Em suma, nenhuma das 3 soluções DIY seria capaz de lidar com todos os desafios mencionados quando se trata de rastrear a web e coletar imagens para empresas.

Benefícios de usar uma solução DaaS

Extrair dados da web para uma declaração de problema único ou um projeto de estimação pode ser feito com algumas linhas de código Python, mas configurar uma solução de nível empresarial para obter um feed de dados ao vivo não é tarefa fácil. Seria ainda mais difícil quando você precisa de milhares de imagens de centenas de sites. É por isso que o PromptCloud fornece soluções personalizadas de extração de imagens que podem ser usadas tanto por empresas da Fortune 500 quanto por startups que acabaram de se estabelecer.

Fig: Etapas envolvidas na extração de imagens do PromptCloud para seus requisitos de negócios

Temos um processo simples de 3 etapas no qual você pode nos informar os sites e páginas da Web que precisam ser copiados para imagens. Você também pode raspar imagens relacionadas a determinadas palavras de pesquisa. Outras informações que você terá que fornecer são a frequência de rastreamento, se deseja capturar o texto diretamente acima ou abaixo da imagem, onde as imagens raspadas precisam ser armazenadas e como você deseja acessá-las. Podemos soltar as imagens no seu S3 ou DropBox ou permitir que você as consulte por meio de APIs.

Assim que tivermos os requisitos, configuraremos o rastreador para coletar imagens de vários sites.
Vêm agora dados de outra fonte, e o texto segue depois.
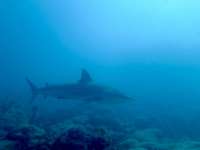 Great day of scuba diving in Key Largo with Rainbow Reef on fire coral cave tropical serenity 2019 06 10 r8403 3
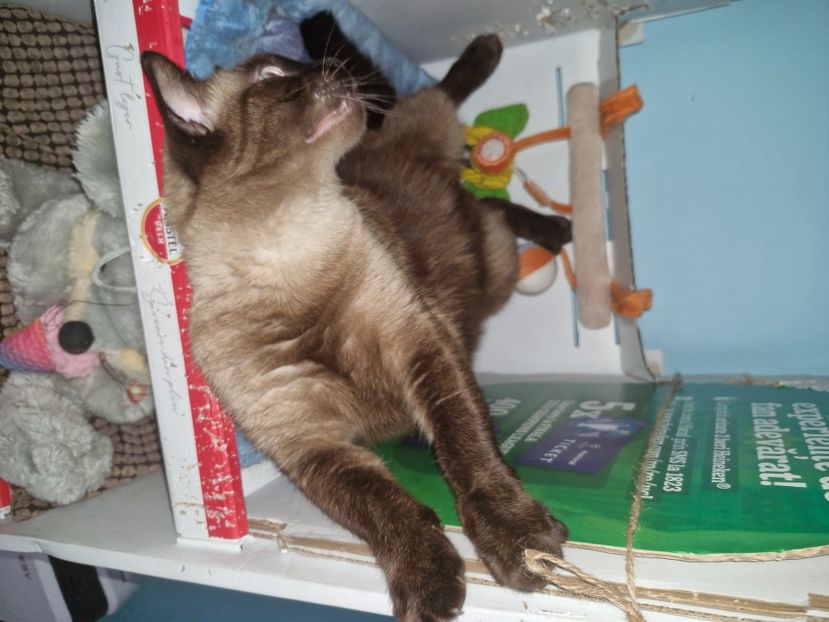  - Pisicii mei octombrie 2025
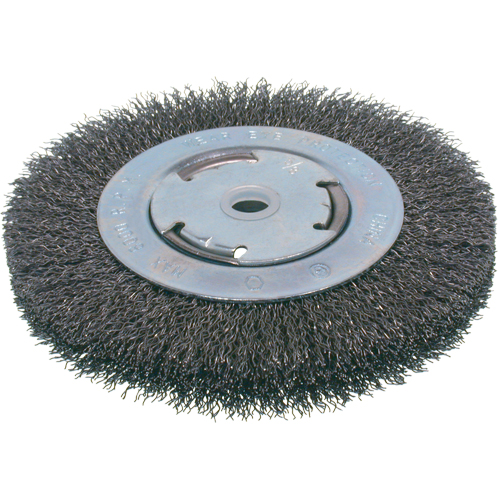 Economy Crimped Wire Wheel Brushes - Medium Face, 8" Dia., 0.008 Fill, 2" Arbor D. Morneault & Fils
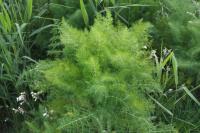 Foeniculum vulgare
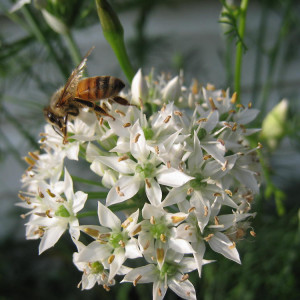 A Walk Through My Pollinator Garden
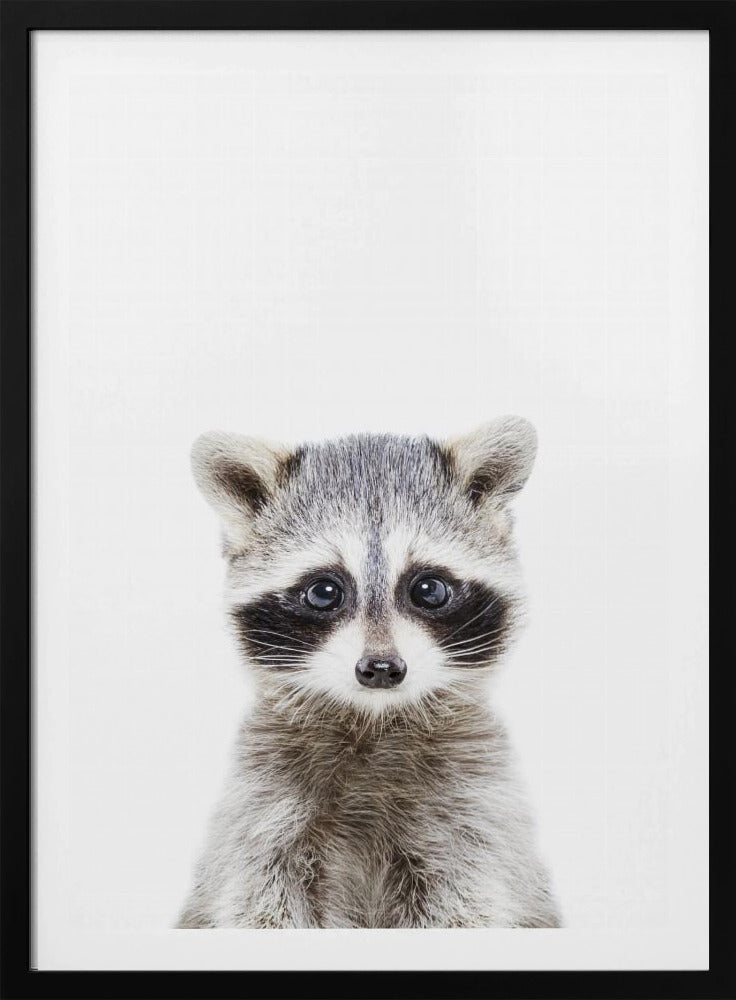 Baby Racoon | Poster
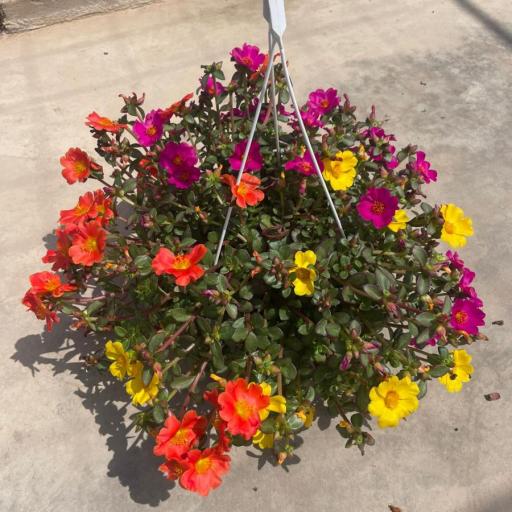 Portulaca Colgante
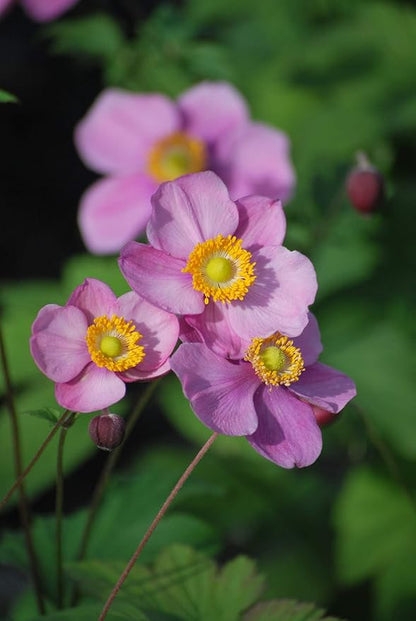 Perennial Farm Anemone Tomentosa 'Robustissima' – Live Windflower Perennial in #1 Container, Soft Pink Blooms, Vigorous & Hardy, Long Blooming, Deer Resistant, Ideal for Borders & Late Summer Color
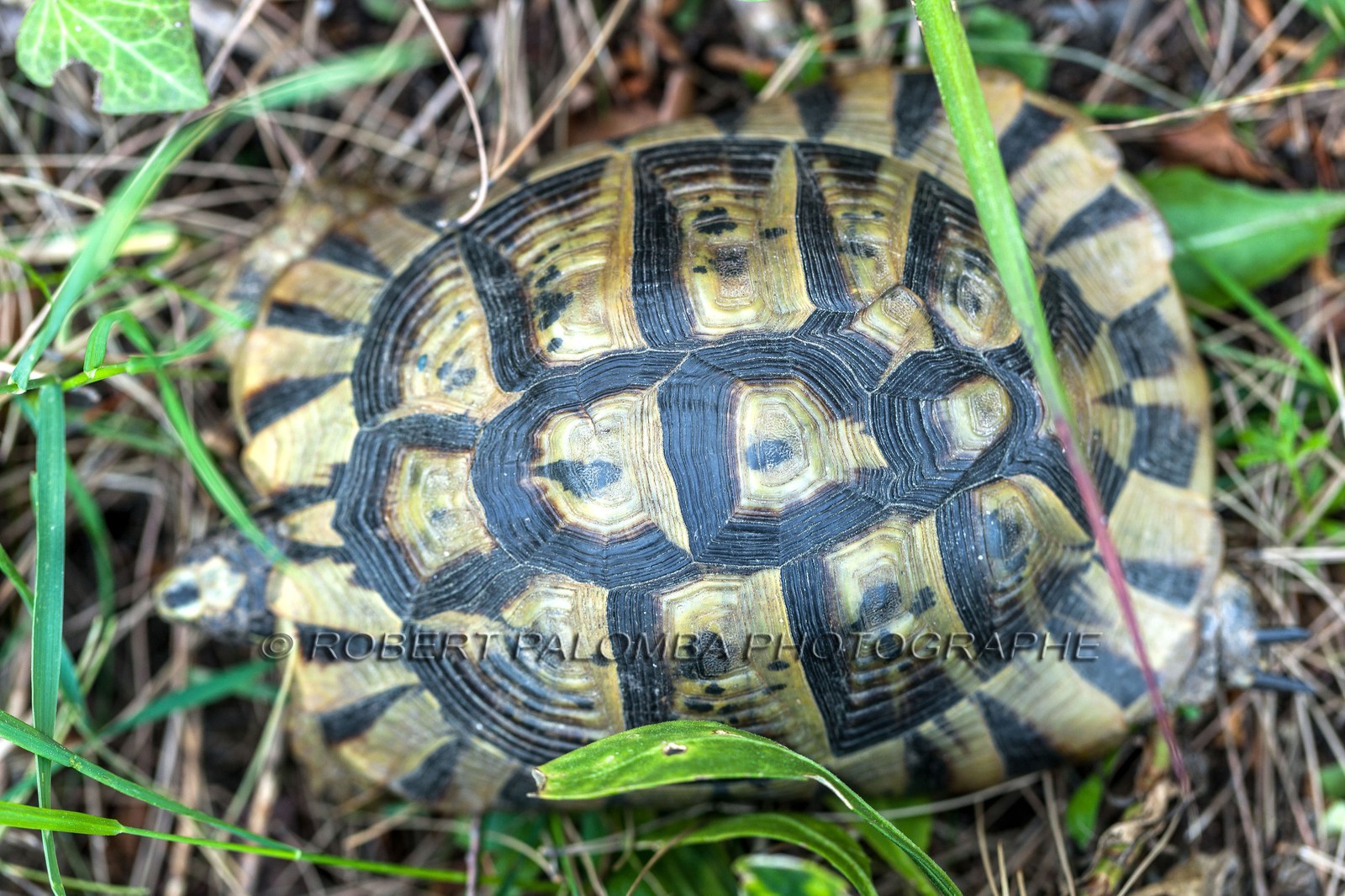 Tortue d'Hermann,Testudo hermanni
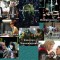 e3c-p1bqrfq52b1a78s1orgf1etctj45.jpg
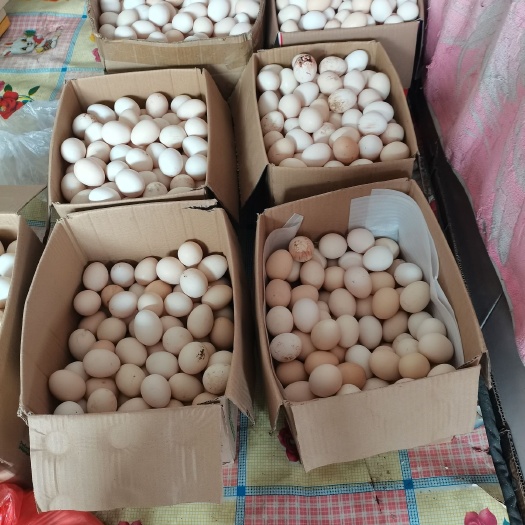 武邑县土鸡蛋 食用 散装 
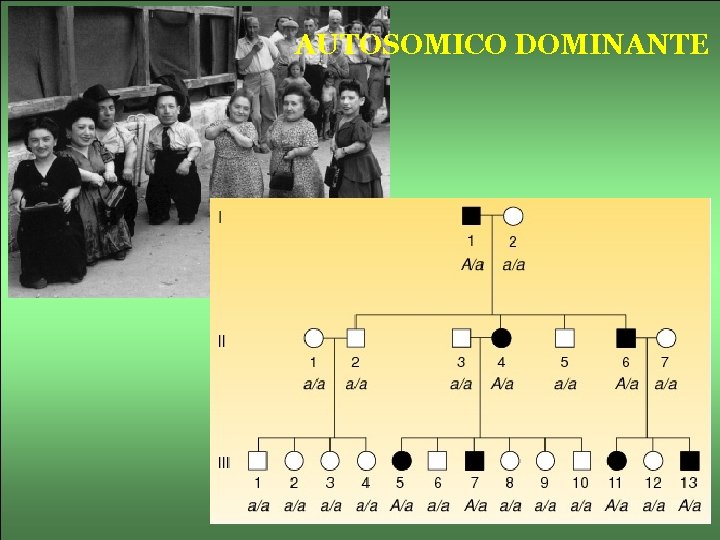 AUTOSOMICO DOMINANTE 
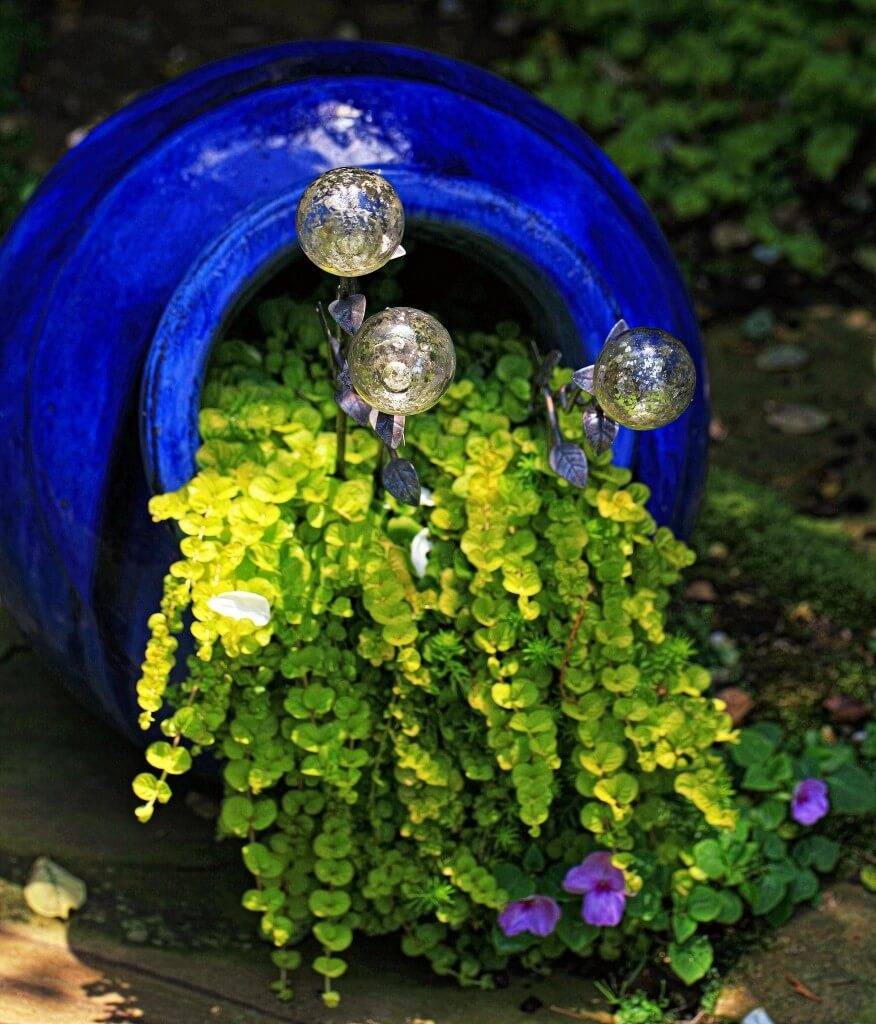 Your Flowers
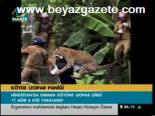 Köyde Leopar Paniği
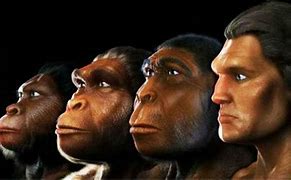 Image result for Ape People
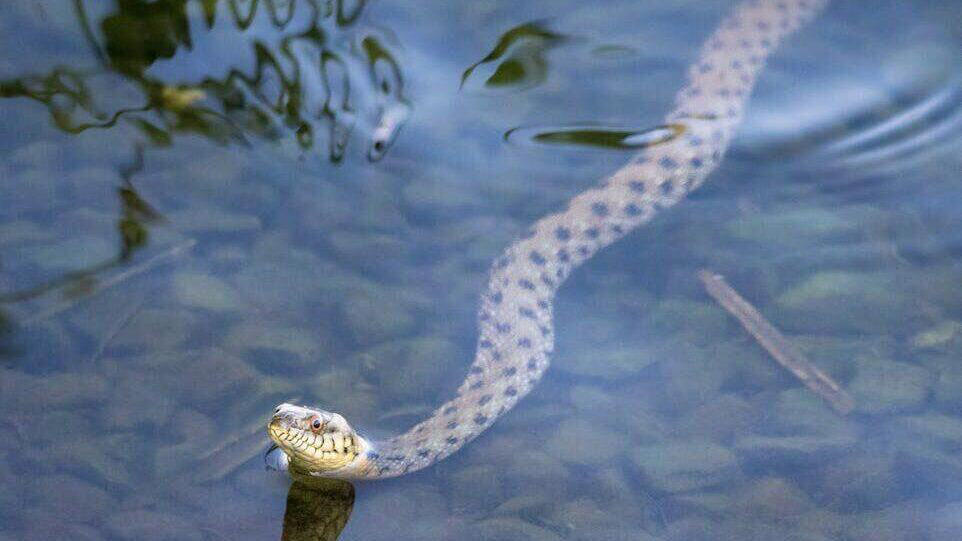The Mechanics of a Snake Strike, The General Rule of Strike Distance, Species Variations in Strike Distance, Factors That Influence Strike Distance, The Speed Factor: How Fast Do Snakes Strike?, Record-Breaking Snake Strikes, Defensive vs. Predatory Strikes, Vertical Strike Capabilities, Safe Distances for Different Snake Species, Myths and Misconceptions About Snake Strikes, Staying Safe Around Snakes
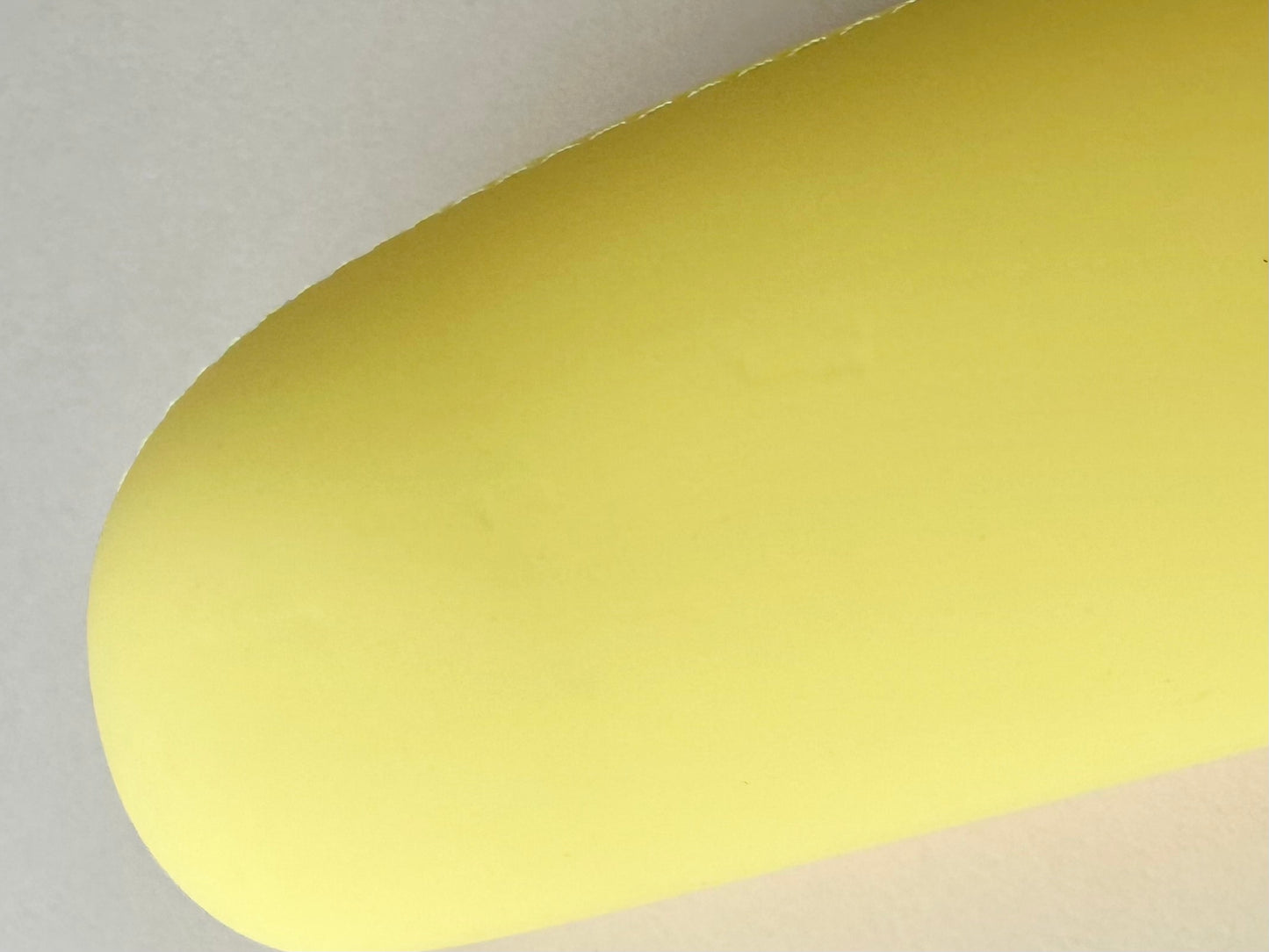 OUTLET Pen Case Pouch Bigsize Kylling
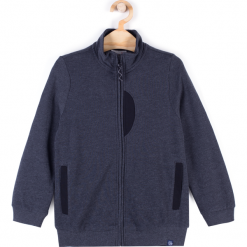 Bluza. Szare bluzy chłopięce rozpinane BASIC BOY, z bawełny, z długim rękawem, długie. Za 44,90 zł.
Estaremos cuidando da configuração da nuvem, da configuração e das legalidades. Depois que a configuração estiver em funcionamento, obteremos alguns dados de amostra para validar com você antes que o sistema ativo envie os dados para o método de entrega especificado.

Depois disso, monitoraremos o sistema de extração de imagens e corrigiremos quaisquer quebras atualizando os rastreadores para lidar com novos sites e páginas da web, bem como alterações nas páginas da web. O melhor de tudo é que você paga apenas pela quantidade de dados que consome. Portanto, se você coletar 100 imagens de 10 sites em um mês, pagará apenas por isso. E no mês seguinte, você pode coletar 10.000 imagens de 1.000 sites e pagar de acordo. Isso garante que nosso serviço seja realmente uma solução DaaS baseada em nuvem que pode ser usada por todos, independentemente da quantidade de dados necessária.